A: If you installed Mono on Linux using the command: sudo apt-get install mono-devel
You then need to install the complete package version using the command: sudo apt-get install mono-complete
The mono-complete install should correct most cases of "assembly not found" errors.
Q: I am receiving the following error "Unhandled Exception: System.ArgumentOutOfRangeException: Index was out of range. Must be non-negative and less than the size of the collection."
A: This error means that the number of samples in your genotype file does not match the number of rows in your sample file. In previous versions prior to v1.3, this error would occur because the sample file was tab separated or VCF file was space separated. The new version can read in both tab and space separated files. Sometimes a blank row at the end of the sample file can cause this, therefore it should be deleted.

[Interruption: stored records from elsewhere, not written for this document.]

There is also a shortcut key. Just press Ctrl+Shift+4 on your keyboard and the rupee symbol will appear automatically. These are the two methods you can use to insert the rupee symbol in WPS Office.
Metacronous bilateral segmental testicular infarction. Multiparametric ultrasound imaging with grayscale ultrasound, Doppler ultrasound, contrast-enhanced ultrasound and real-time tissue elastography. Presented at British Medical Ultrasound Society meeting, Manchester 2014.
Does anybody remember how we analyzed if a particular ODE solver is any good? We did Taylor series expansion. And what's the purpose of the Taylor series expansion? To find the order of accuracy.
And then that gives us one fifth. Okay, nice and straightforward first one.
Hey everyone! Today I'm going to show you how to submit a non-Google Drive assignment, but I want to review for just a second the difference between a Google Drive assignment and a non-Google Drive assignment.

Q: If the data for each chromosome are saved in different VCF files, but within the same folder, can the software run all chromosomes and output the results into one file using a single command line?

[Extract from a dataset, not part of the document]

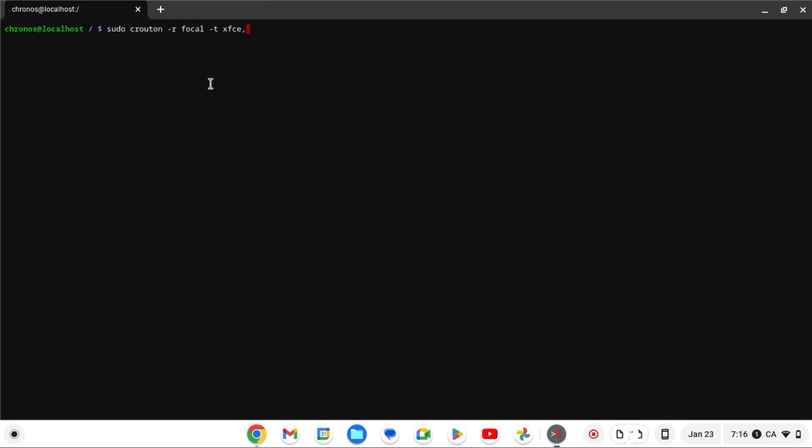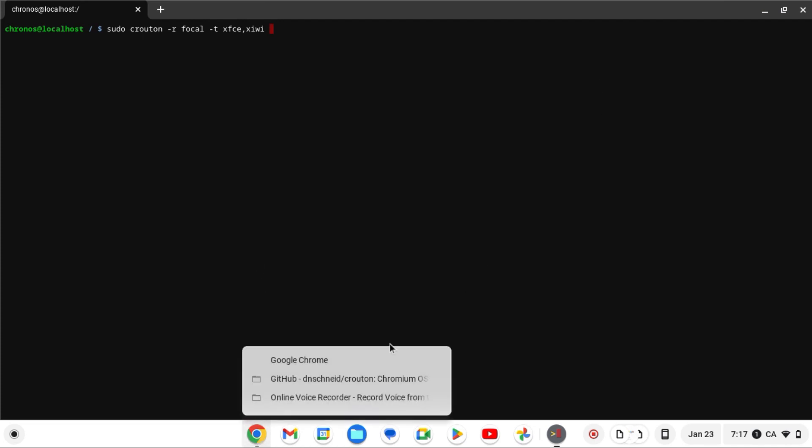What this basically does is it runs the Linux Xfce desktop inside an app, so the Linux Xfce GUI would be contained inside the app. This means you can switch between your Chromebook and your Linux environment very quickly. You can easily open them together — it's much better for productivity. All you have to do is download this Chrome extension.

A: Currently, the software only takes one input file for each chromosome at a time. Analysing multiple files would need to be done using multiple executions of commands or using a shell script.
Q: How should missing values be represented in the sample file?
A: Missing values in the sample file should be coded as "NA". For example:
id1 id2 cov time status
231 a22 0 NA NA
221 b33 1 44 1
Q: When specifying the commands "-lstart=" and "-lstop=" for a VCF file, do i need to specify "-lstart=" at the line the samples start?
A: Not necessarily, “-lstart=” means the line you want to start the analysis from, it can be 0 or any number. The software will automatically skip over the lines with text at the beginning of a VCF file, if you input a 0 for “-lstart=”.
Q: If i want to analyse all SNPs in the file do i still need to specify "-lstart=" and "-lstop="?
A: Yes. The reason for “-lstart=” and “-lstop=” is so the program knows at which line to separate the input genotype file, allowing small batches to be analysed using a shell script or through multithreading.
Q: I am trying to submit a batch shell script, however i am getting the error "expr:syntax error"?
A: To submit shell scripts successfully use either commands:
qsub batchexample.sh
sh batchexample.sh
Q: VCF file created using PLINK cannot be analysed. Please advise?
A: PLINK VCF files have both "/" and "|" separated samples. Versions of SurvivalGWAS_SV prior to v1.3, can only read in samples separated by "|". However, the new version can read in both separations.
Q: When using the "-lstop=" command, if I don't want to lose a single SNP from the analysis, should I set it to a large number which is greater than the max number of SNPs in the input file? Will it affect the assignment of resources (e.g. cores & memory) amongst the jobs?
A: Yes you can set “-lstop=” to a number greater than the number of SNPs in your file as the software knows when there are no more lines to read in the file. It is always better to specify more lines than there are and especially a number divisible by the number of threads or cores you specify, because it will distribute the input file evenly. Memory will never be an issue with the software as it efficiently garbage collects tables and unused variables, freeing up memory.
Q: Can SurvivalGWAS_SV be used for the analysis of left-truncated survival data?
A: Left truncated data is currently not supported by the software. However, we are constantly updating the software and suggestions from users are appreciated to help us improve the software.
Q: I have zipped my file using bzip, but the software is not reading the entire file. What should i do?
A: Currently, the software does not support bgzip/bzip files (Blocked GNU Zip Format), please use gzip/gunzip to compress or decompress your VCF files.